▶ [Task data]:
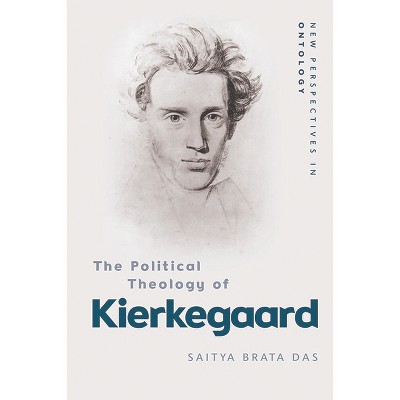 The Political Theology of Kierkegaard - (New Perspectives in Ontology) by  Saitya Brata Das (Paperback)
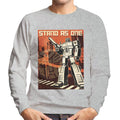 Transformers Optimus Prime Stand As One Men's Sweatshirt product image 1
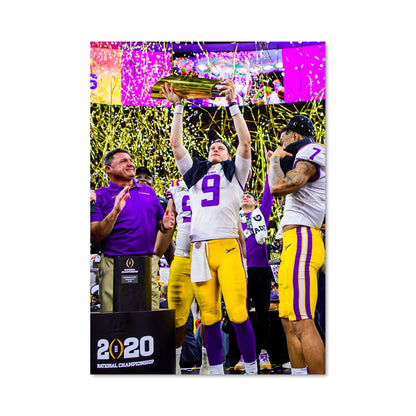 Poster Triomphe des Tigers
* * *
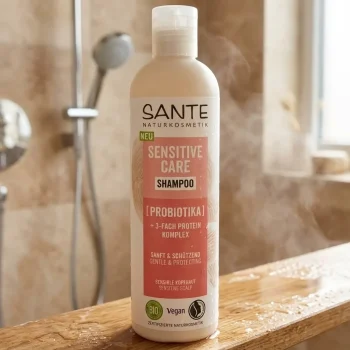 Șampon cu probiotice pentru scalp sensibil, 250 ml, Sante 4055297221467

▶ [Exercise goal]: The expected output is the lines above from the one containing "The Political Theology" to the one containing "Poster Triomphe des Tigers", both ends included, reproduced exactly with every picture left out.

▶ [Task answer]:
 The Political Theology of Kierkegaard - (New Perspectives in Ontology) by  Saitya Brata Das (Paperback)
 Transformers Optimus Prime Stand As One Men's Sweatshirt product image 1
 Poster Triomphe des Tigers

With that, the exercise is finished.